**Work task**
Could the lines from the line bearing "Nd Exquisites Wundervolles" to the end of the records below be copied exactly, with the pictures left out and no other lines added?

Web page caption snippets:
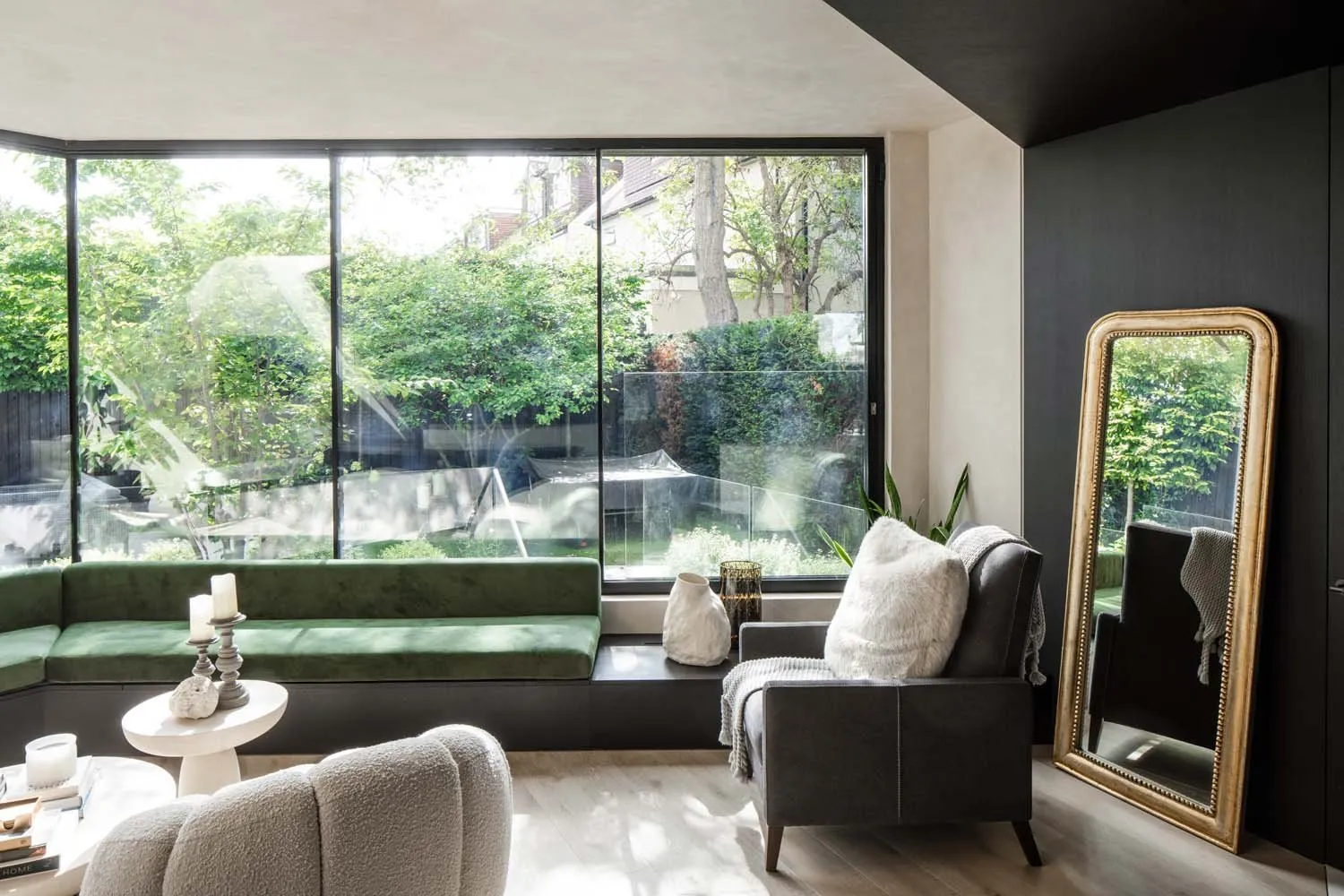 Meadow Grove, Barnes, SW13 &mdash; Living reflection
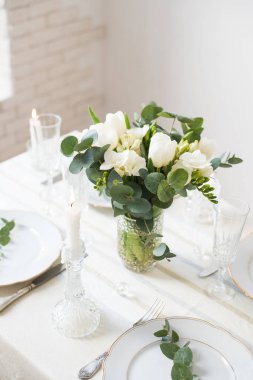 Zarif beyaz çiçekler ve çatal bıçak takımı, yemek masa dekorasyonu ile güzel festival Tablo ayarı 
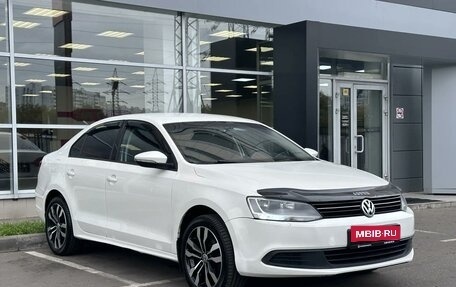 Volkswagen Jetta VI, 2013 год, 810 000 рублей, 1 фотография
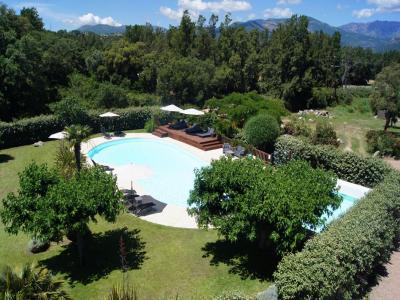 For sale Porto-vecchio 23 rooms 457 m2 Corse (20137) photo 3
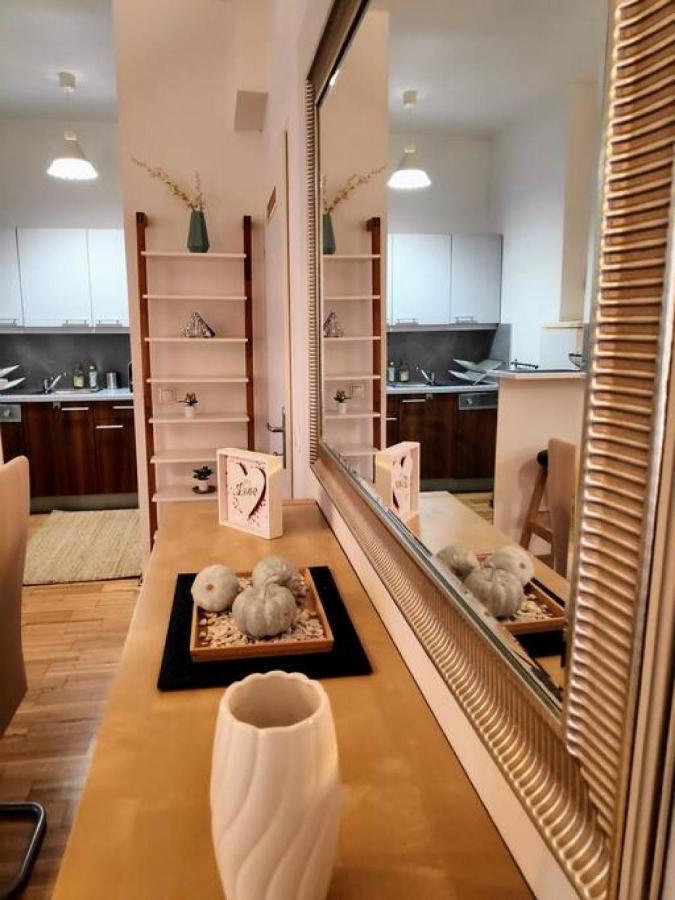 Nd Exquisites Wundervolles Ruhiges Terrassenapartment Mit Garage Вена Экстерьер фото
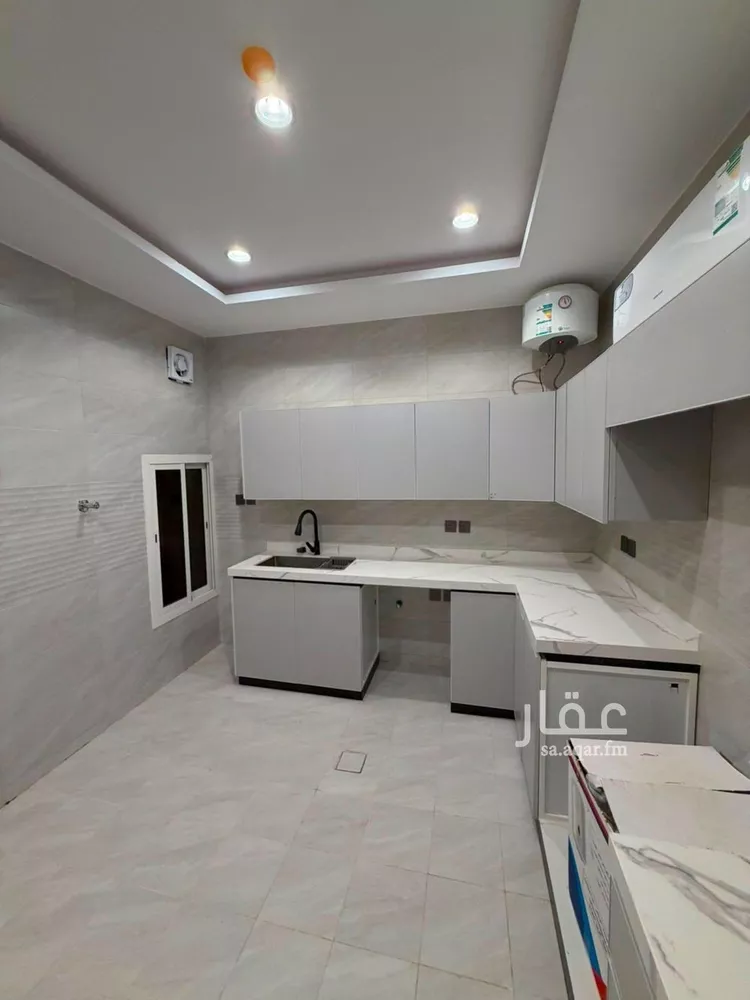 عمارة للإيجار في شارع السيل الكبير, حي المهدية, مدينة الرياض, منطقة الرياض 7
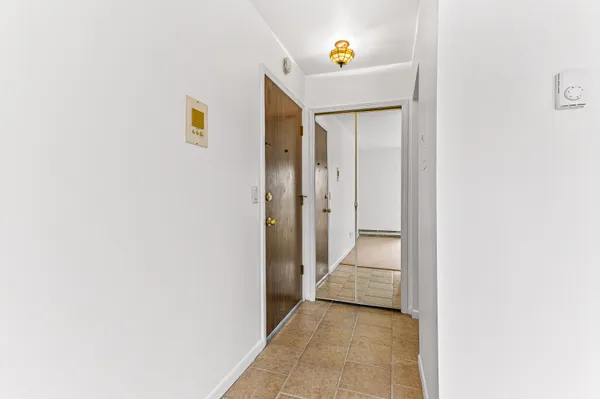 $110,000 | 7050 Villa Drive, Unit 5, Waterford, MI 48327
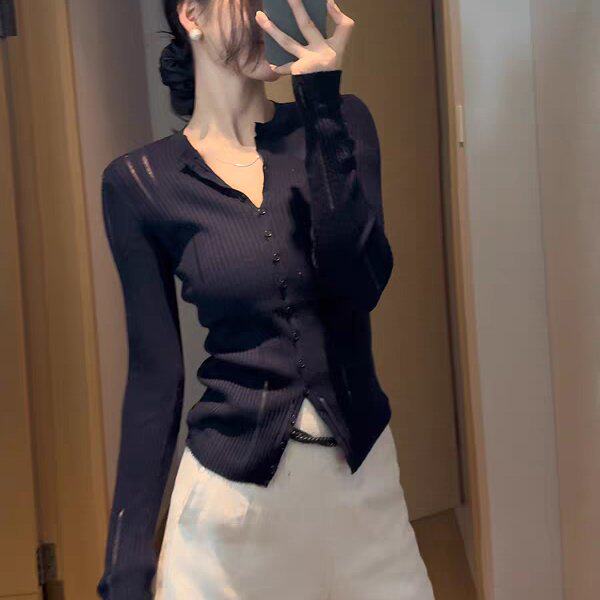 韩系早秋穿搭修身显瘦独特漂亮时尚气质百搭高级感纯色针织开衫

**Problem solution**
 Nd Exquisites Wundervolles Ruhiges Terrassenapartment Mit Garage Вена Экстерьер фото
 عمارة للإيجار في شارع السيل الكبير, حي المهدية, مدينة الرياض, منطقة الرياض 7
 $110,000 | 7050 Villa Drive, Unit 5, Waterford, MI 48327
 韩系早秋穿搭修身显瘦独特漂亮时尚气质百搭高级感纯色针织开衫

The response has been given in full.